At the conclusion, the board voted to approve its proposed contingency budget for the 2010-2011 school year.
On May 18, the proposed budget failed by a margin of 264-408. That budget proposed a .95 percent spending increase and a 4-5 percent tax levy increase.
The increases were met with much community opposition over the past several weeks. A citizens budget committee formed to protest tax increases with members including Bruce Ashline, Pat Cunningham, David Braley, George Heim, Sally Heidrich, Bert Miner, Tony Moro, Susan Murante, Margaret Prashaw, Carol Richards and Richard Stewart.
The contingency plan includes and $10,062,415 total budget, which translates to a .67 percent or $67,153 increase from the 2009-2010 budget.
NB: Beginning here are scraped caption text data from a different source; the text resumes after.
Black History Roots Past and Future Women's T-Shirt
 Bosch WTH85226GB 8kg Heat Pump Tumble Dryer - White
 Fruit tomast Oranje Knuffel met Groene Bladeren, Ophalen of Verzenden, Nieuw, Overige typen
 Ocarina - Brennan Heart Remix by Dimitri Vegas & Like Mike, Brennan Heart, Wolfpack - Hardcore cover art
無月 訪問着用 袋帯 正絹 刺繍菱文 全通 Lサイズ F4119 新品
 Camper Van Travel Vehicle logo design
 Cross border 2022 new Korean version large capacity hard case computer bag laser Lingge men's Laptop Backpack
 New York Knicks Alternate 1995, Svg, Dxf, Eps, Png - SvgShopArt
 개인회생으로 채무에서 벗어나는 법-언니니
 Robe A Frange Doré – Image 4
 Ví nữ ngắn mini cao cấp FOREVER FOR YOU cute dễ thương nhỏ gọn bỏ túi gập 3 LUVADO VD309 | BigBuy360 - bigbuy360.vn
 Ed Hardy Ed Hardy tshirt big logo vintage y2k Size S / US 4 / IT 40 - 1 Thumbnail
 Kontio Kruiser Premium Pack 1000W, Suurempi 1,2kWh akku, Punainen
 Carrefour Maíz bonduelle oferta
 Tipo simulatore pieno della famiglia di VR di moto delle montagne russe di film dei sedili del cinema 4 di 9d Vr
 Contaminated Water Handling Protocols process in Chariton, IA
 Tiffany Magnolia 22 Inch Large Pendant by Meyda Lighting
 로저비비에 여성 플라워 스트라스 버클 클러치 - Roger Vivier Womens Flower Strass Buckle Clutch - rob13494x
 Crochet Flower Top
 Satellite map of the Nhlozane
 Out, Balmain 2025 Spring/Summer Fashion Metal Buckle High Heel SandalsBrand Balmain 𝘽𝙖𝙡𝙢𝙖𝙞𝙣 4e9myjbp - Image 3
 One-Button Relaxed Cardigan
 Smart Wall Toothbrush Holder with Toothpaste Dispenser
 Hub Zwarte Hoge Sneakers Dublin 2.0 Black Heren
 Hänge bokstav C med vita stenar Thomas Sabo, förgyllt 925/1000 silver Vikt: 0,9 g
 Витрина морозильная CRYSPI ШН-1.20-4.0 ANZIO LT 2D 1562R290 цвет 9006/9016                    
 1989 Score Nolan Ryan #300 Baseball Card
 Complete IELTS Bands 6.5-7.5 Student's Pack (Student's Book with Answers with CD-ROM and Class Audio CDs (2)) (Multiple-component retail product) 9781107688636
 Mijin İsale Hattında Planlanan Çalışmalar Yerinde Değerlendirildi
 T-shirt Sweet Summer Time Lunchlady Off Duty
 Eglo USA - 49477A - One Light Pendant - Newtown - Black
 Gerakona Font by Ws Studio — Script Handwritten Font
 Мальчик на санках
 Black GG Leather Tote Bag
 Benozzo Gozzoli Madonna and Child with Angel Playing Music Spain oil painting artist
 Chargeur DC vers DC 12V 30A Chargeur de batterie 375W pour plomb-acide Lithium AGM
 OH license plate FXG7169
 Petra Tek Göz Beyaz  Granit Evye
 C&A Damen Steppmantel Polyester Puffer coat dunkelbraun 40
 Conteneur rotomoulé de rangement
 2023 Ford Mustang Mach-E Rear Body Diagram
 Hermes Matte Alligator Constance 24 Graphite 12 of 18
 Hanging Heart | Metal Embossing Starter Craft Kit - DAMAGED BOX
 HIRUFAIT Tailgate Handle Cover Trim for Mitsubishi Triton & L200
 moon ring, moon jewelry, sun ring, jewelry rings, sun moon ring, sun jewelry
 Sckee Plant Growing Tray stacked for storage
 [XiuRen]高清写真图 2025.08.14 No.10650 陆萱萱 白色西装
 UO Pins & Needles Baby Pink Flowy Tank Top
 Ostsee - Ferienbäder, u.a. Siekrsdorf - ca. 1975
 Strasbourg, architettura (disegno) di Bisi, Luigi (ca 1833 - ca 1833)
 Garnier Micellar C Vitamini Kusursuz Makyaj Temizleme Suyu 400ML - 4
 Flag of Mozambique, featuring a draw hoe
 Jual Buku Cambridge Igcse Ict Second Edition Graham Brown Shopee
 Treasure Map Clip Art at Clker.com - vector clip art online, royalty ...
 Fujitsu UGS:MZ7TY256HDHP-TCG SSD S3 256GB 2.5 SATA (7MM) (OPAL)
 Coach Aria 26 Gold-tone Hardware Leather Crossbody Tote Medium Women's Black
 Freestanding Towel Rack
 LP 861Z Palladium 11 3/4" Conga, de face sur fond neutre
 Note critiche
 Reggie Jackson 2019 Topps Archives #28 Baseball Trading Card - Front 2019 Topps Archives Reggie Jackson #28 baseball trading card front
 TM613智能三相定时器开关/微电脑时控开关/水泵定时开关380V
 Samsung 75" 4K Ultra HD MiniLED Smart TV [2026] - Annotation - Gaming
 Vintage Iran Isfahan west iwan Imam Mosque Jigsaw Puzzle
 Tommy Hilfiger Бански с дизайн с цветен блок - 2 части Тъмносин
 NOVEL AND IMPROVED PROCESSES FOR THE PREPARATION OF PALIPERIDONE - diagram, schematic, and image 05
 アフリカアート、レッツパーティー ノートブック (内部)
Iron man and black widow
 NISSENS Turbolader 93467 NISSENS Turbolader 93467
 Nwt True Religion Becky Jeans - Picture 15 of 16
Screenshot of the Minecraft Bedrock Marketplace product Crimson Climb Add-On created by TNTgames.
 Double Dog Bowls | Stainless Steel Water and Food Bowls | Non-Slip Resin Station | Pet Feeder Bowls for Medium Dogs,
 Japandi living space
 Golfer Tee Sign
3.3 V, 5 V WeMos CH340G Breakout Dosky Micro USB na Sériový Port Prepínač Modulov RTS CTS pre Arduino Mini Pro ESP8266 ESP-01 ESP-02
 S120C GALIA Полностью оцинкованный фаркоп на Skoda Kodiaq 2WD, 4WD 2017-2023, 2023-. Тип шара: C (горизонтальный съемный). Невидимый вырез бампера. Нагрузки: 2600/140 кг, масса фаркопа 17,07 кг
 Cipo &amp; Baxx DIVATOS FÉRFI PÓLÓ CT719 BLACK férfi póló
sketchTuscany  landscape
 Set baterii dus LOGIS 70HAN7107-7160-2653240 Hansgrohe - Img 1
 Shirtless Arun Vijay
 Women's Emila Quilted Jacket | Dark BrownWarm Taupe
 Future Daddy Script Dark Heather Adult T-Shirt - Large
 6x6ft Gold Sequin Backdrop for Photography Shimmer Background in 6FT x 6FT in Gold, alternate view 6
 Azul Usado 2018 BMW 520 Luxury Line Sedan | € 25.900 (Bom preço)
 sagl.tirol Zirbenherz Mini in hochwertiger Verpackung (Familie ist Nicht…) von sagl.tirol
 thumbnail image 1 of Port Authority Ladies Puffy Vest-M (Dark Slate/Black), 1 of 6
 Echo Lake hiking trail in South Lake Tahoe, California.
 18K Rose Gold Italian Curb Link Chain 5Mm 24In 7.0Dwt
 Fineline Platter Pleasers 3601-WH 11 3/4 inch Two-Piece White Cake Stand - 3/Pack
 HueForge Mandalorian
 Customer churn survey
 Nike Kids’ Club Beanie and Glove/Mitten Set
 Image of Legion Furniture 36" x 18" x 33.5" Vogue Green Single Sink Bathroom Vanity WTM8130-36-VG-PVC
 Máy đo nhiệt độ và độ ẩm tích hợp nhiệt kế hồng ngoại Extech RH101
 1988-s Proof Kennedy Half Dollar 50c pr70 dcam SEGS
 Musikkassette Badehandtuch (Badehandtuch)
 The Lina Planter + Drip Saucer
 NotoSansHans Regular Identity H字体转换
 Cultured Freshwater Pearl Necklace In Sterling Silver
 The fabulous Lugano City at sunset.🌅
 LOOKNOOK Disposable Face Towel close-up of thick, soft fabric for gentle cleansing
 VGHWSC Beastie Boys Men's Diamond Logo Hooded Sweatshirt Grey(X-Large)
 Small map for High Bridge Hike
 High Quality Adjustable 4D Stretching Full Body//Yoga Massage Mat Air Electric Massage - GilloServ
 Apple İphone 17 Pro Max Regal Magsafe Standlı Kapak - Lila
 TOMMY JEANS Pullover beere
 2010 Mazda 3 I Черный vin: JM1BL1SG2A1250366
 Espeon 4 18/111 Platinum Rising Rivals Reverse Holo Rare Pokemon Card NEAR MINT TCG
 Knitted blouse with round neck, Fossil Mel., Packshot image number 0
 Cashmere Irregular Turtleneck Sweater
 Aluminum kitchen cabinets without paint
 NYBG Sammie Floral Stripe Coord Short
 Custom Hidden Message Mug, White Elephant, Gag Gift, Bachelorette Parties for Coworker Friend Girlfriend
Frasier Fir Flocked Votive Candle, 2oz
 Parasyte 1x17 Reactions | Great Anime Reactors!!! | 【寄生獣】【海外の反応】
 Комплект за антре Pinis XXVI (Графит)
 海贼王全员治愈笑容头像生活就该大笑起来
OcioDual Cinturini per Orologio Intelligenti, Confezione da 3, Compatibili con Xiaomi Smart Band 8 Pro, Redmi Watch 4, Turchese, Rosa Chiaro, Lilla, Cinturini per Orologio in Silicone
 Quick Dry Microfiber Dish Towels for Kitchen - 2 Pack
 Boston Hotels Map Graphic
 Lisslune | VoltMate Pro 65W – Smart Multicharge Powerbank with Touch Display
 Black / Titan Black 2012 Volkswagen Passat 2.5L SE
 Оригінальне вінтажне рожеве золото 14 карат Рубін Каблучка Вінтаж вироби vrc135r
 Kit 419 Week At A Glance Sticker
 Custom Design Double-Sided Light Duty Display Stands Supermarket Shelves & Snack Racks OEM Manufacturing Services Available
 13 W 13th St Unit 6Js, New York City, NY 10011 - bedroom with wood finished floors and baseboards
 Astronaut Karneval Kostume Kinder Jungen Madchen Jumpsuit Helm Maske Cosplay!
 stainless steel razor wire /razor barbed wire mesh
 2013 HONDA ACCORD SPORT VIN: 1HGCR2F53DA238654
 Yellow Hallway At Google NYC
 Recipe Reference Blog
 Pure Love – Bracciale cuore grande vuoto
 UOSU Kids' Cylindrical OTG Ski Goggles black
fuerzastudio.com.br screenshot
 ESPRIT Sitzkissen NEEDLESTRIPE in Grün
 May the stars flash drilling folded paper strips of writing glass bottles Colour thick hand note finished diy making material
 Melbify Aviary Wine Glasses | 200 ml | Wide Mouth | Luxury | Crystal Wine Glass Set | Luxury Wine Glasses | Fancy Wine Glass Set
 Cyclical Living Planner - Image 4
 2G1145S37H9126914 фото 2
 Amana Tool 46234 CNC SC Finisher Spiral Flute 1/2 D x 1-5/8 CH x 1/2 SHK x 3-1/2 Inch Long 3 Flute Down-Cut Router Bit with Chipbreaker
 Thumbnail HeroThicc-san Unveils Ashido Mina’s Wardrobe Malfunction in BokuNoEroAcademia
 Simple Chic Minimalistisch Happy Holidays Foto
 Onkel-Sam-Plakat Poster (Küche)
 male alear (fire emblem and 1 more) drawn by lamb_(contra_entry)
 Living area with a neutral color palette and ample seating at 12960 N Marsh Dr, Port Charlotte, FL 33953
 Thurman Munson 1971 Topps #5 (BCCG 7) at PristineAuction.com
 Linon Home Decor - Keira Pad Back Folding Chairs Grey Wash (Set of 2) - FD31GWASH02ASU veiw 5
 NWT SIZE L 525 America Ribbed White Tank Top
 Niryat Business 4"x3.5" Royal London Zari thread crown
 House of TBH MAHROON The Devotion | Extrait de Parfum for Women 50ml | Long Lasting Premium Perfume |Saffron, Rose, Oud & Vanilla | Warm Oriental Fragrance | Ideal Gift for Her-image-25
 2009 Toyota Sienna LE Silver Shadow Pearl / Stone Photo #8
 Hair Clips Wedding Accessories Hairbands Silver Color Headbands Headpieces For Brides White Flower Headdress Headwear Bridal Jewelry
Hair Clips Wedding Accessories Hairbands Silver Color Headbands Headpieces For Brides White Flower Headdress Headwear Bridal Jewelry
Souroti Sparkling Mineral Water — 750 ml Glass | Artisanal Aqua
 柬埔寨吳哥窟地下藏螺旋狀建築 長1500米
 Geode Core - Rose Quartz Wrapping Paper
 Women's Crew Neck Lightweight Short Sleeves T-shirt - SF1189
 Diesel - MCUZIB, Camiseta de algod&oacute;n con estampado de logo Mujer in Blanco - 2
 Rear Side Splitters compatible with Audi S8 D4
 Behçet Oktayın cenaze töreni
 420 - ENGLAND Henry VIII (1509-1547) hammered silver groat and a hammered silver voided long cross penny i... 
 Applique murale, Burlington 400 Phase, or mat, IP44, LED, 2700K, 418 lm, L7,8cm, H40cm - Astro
These changes present a 3.5-4.5 percent tax levy increase to $5,918,217.
During Tuesday's meeting, the board presented three options including putting the original proposed budget back up to vote, putting an amended budget that would have included significant personnel and program cuts to a vote or approving the proposed contingency budget.
"We have received many request to put the original budget back up to vote," said Superintendent Mike Markwica.
The contingency budget, however, was approved unanimously, but not without considerable conversation.
"We weighed the long term effects of the budget against our mission statement, dedicated to providing an excellent education as well as our financial responsibility," said board president, William Conner.
The contingency budget was still met with some opposition concerning the overall cost and specific concerns including the proposed pre-k program.
"We need to know how the contingency budget solves the problems of the first proposed budget," said Moro.
Many community members attended the meeting to simply demand more information on the proposed budgets.
"We all need to get on the same page," said David Braley. "We must figure out a way to provide a good education while being fiscally responsible."
"All we ask is that you listen and work with us," said Richard Stewart to the JCS board.
Many rows of seating were filled with JCS students, who attended the meeting in support of the education that they feel they receive.
"We will lose opportunities through funding cuts," said senior Kelsey Williford.
Junior Ben Richards made the point that many schools of similar size have cut their budgets to an "affordable" amount. "Students from all over this region pay to come to JCS because of what we offer," he said.
Community members turned out to also support the board in their budget efforts.
"The board has done an admirable job," said John Slayback. "And all they have got in return is criticism."
Members of the board thanked the community for their concern and their input.
"We thank the people who showed, up for or against, and we want them to know that we are going to take their comments into consideration," said board member Mark Richards.